Também no interior dos vagões foi concebida a padronização das placas de sinalização, que poderão ser quadradas, com 17,5 centímetros de lado, ou retangulares, tendo um dos lados o dobro dessa dimensão, a fim de compatibilizar entre si os suportes dos mais diversos tipos de informações. Adotou-se a cor vermelha para placas de uso geral, a azul para aquelas relativas a portadores de necessidades especiais, a verde para rotas de fuga e a preta para a identificação do veículo.
Nas estações, as diferentes arquiteturas serão integradas visualmente através de três novas famílias de placas: as de sinalização, os pórticos e as de quiosques. Os materiais comuns a elas são o laminado estrutural e o tubo redondo de aço inox escovado. No sistema de sinalização, totens e placas foram criados para as partes frontais das estações.

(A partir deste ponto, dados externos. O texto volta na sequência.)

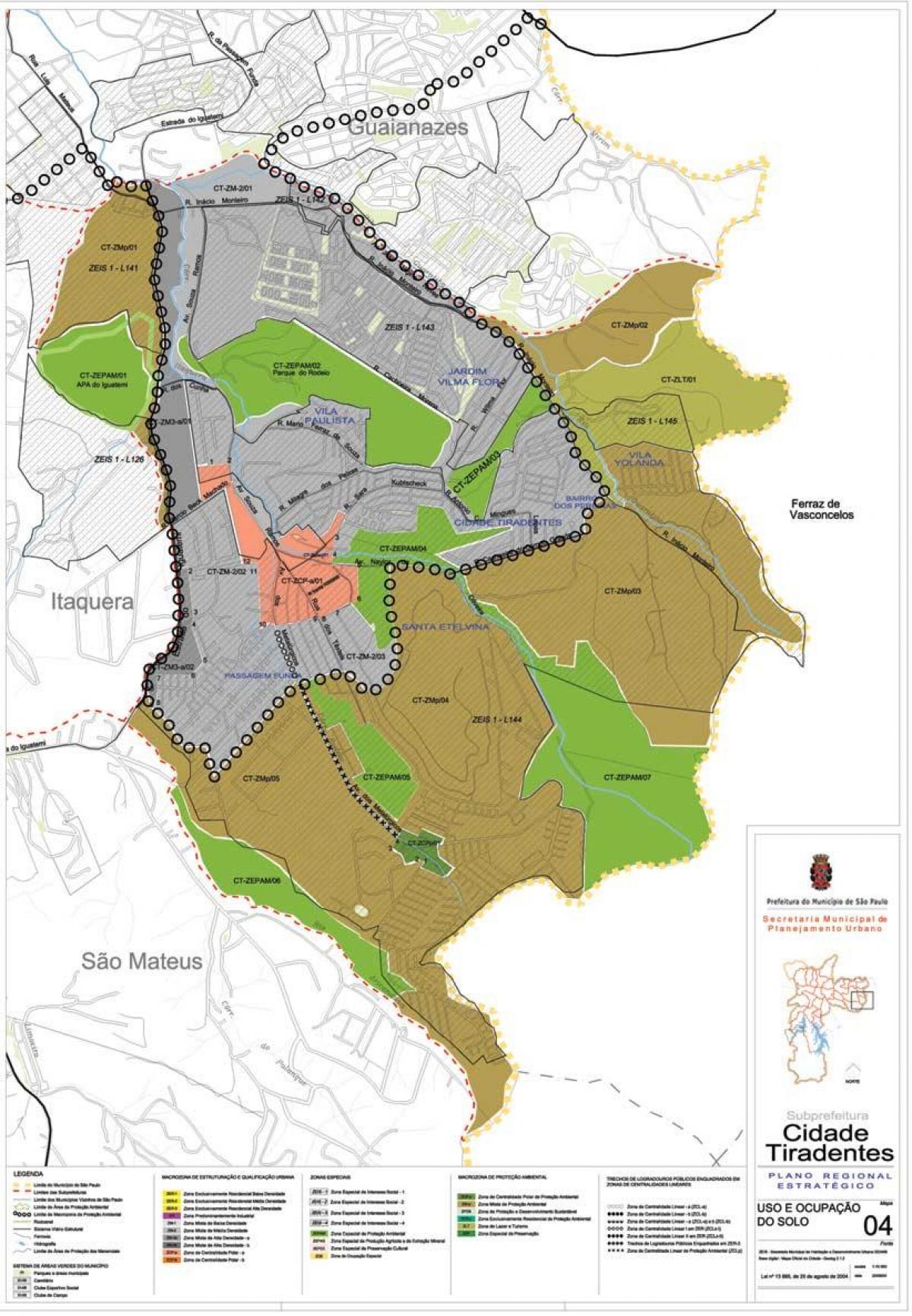 Peta Kota Tiradentes São Paulo - Pekerjaan tanah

As placas de uso interno podem ser aéreas, de parede ou fixadas em forma de bandeira, programadas para informar, setorizar e organizar os fluxos.
Os totens, posicionados no setor de acesso às estações, foram concebidos na cor vermelha CPTM, enquanto as placas do setor pós-catraca desmembram-se conforme as cores individuais das seis linhas de circulação dos trens: Rubi (linha 7), Diamante (linha 8), Esmeralda (linha 9), Turquesa (linha 10), Coral (linha 11) e Safira (linha 12). A modulação de 40 centímetros de altura, componível com comprimentos variados (307, 250, 200 ou 125 centímetros), privilegiou o aproveitamento das chapas de laminado estrutural disponíveis no mercado.

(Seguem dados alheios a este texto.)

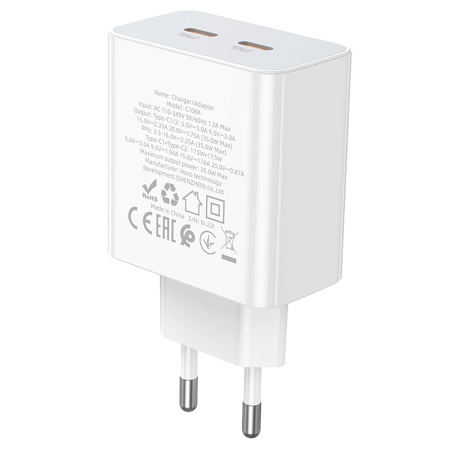 Зарядное_устройство - TypeC*2 35W HOCO C108A белый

Já o sistema de pórticos das estações visa transmitir aos usuários informações complementares da CPTM, como o mapa da rede, o regulamento de viagem, além de conteúdos institucionais e de publicidade. Ele é constituído por conjuntos de um a três módulos de informações, também executados com estrutura tubular de inox e painéis de laminado estrutural.

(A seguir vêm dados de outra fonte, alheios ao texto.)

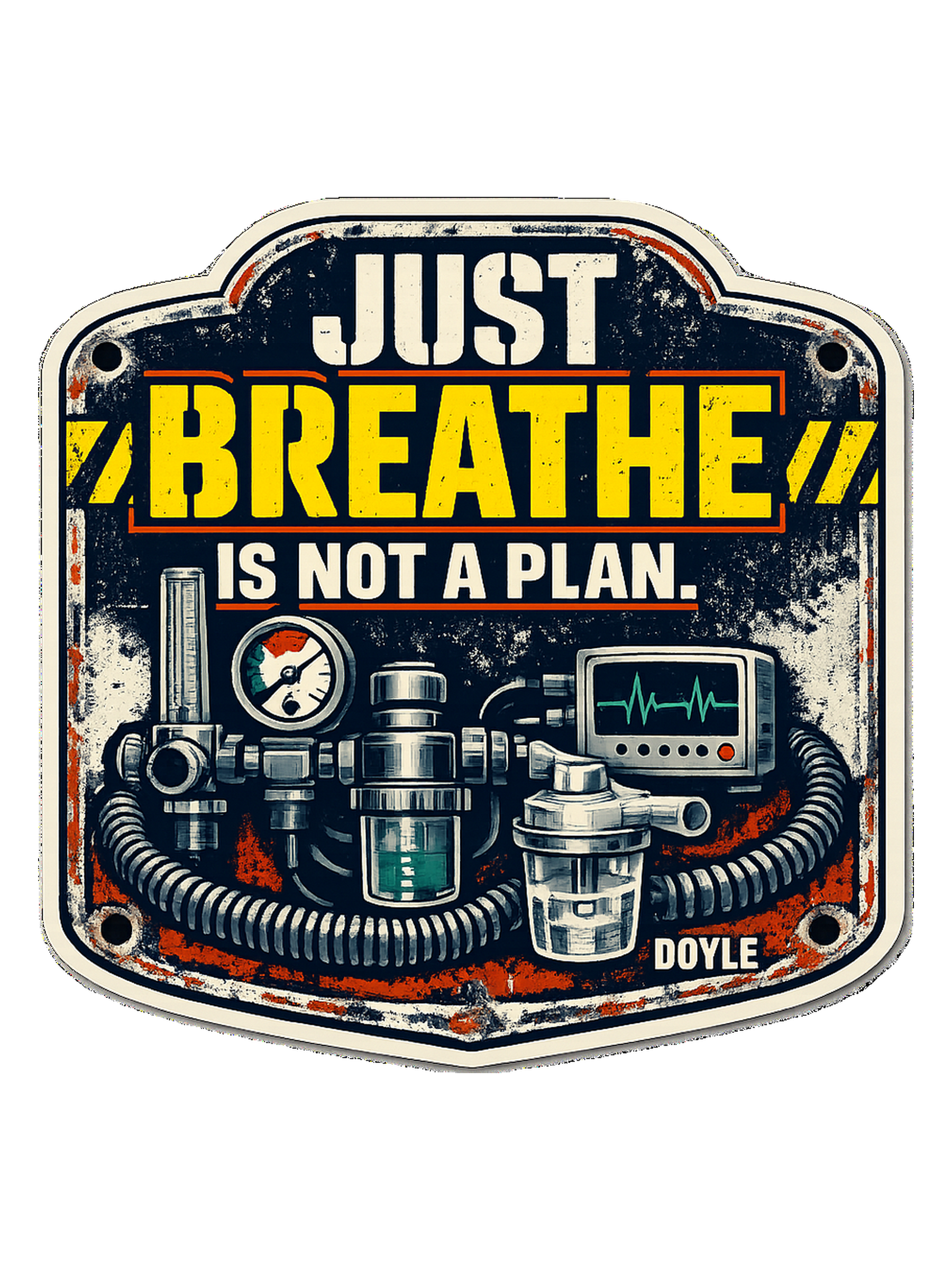 Just Breathe Is Not A Plan Tee — art by hank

O projeto se encontra em fase final de detalhamento e, desde o final de 2008, já pode ser parcialmente visto nas aplicações institucionais da marca CPTM. Seu símbolo foi redesenhado pela equipe do escritório, que colocou em cena maior economia formal, o uso de linhas retas e ângulos marcados, além da cor vermelha.
Participaram da concepção da nova identidade visual da Companhia Paulista de Trens Metropolitanos as equipes da Comissão do SCV/CPTM; da Fupam (Fundação para a Pesquisa Ambiental); e do Nutau/USP (Núcleo de Pesquisa em Tecnologia da Arquitetura e Urbanismo da Universidade de São Paulo), coordenada por Bruno Padovano. João Carlos Cauduro foi o supervisor geral do projeto, Marco Antonio Rezende o consultor de design ambiental, Carmen Cabral a coordenadora executiva, Cristina Bernardoni Corione e Patrícia Bertacchini as coordenadoras da equipe técnica da Fupam.